Download all excel files from a webpage to R dataframes-CodePudding

My question is very similar to this one. I want to download all Excel files (.xlsx) from this webpage. But the difference is (I think) that I do not have the same pattern as used in the example. I have tried several variations with no result. Any idea how to download these files? Also, if you can show how I can download them directly into a dataframe (without downloading them to my PC first) that would be appreciated.
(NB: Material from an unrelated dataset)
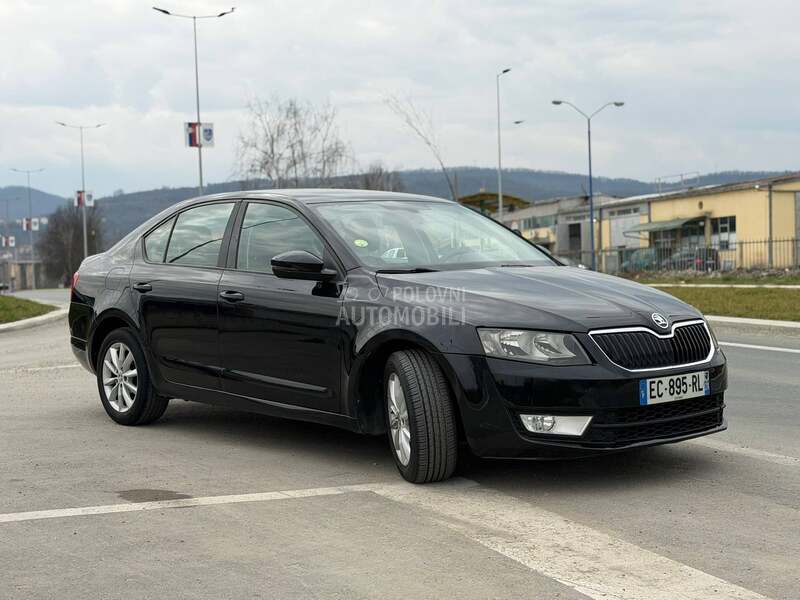 Škoda Octavia DSG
CodePudding user response：

A simple way to download the excel files, one step at a time.

First, get the links.

library(rvest)

url <- "https://www.fondbolagen.se/fakta_index/statistik/"

read_html(url) |>
  html_elements("p") |>
  html_elements("a") |>
  html_attr("href") |>
  (\(x) grep("\\.xls", x, value = TRUE))() |>
  (\(x) sprintf("http://www.fondbolagen.se%s", x))() -> excel_links

Now, use the code in this Rich Scriven post to download the files. I have omitted the files creation instruction.

dir.create("myexcel")
## save the current directory path for later
wd <- getwd()
## change working directory for the download
setwd("myexcel")
## download them all
lapply(excel_links, \(x) download.file(x, basename(x)))
## reset working directory to original
setwd(wd)